These assertions seem to derive from a traditional Catholic foundation, but Wright has considerably complicated this impression with his observation that he “was formed by the catechism in Kingsport [Tennessee], the evangelical looniness at Sky Valley Community in North Carolina, and by songs and hymns,” and through his juxtaposition of High Renaissance depictions of religious icons (derived from the work of Dante Alighieri and other European classical masters) with the gospel music of American legends such as the Carter family, near Kingsport. Calling their music “God-haunted, salvation-minded and evangelical,” and identifying its theme as “death, loss, resurrection, salvation,” Wright has, in his poetry, developed a distinctly personal version of a powerful spiritual vision from seemingly disparate components.

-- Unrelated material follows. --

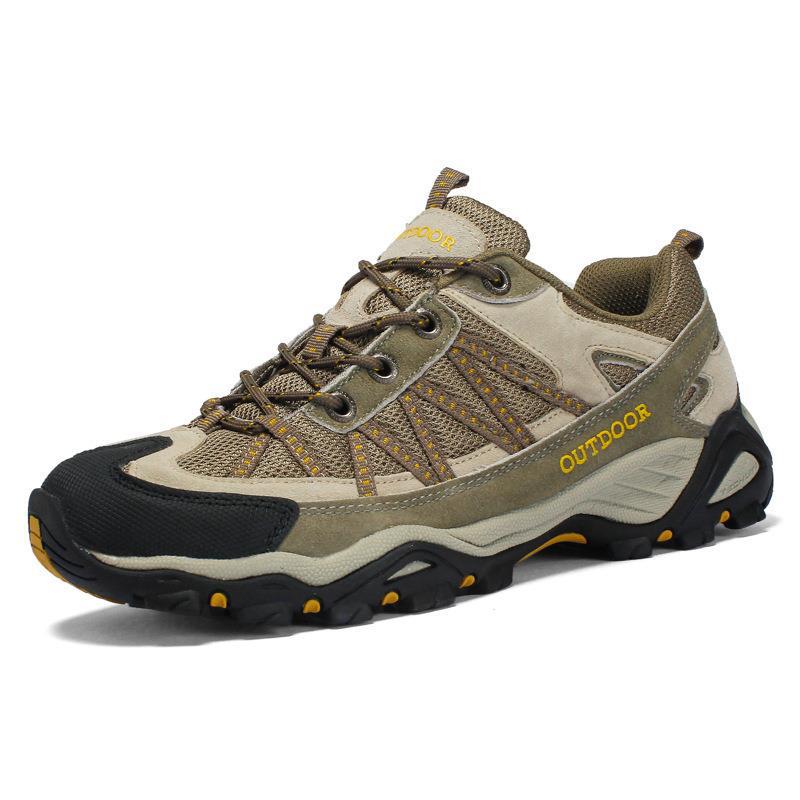 Hiking | Men’s Firebrand Ii Bdry Hiking Hiking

The poems in his Pulitzer Prize-winning volume Black Zodiac form a polished, nuanced expression of this vision. The volume is divided into five sections, beginning with the classic “Apologia Pro Vita Sua,” in which the poet accepts as a matter of being that “The love of God is the loneliest thing I know of,” wondering “Who can distinguish darkness from the dark, light from light.” The poems are designed as an exploration of a cosmos that has come into existence through a divine verbal declaration of light, but a cosmos that remains wreathed in shadow and darkness, its outlines and substance often obscure and untenable. “Apologia Pro Vita Sua” serves as an explanation, after the well-known poem of the same title by Cardinal John Henry Newman (1801-1890), for an individual’s progress on a spiritual journey, a journey that continues to be marked by, as reviewer Carol Muske put it, the “’dark stars’ that guide our fate and provide the contrast that shapes us; the shadow, the photographic’s negative, the mirror’s reversals.”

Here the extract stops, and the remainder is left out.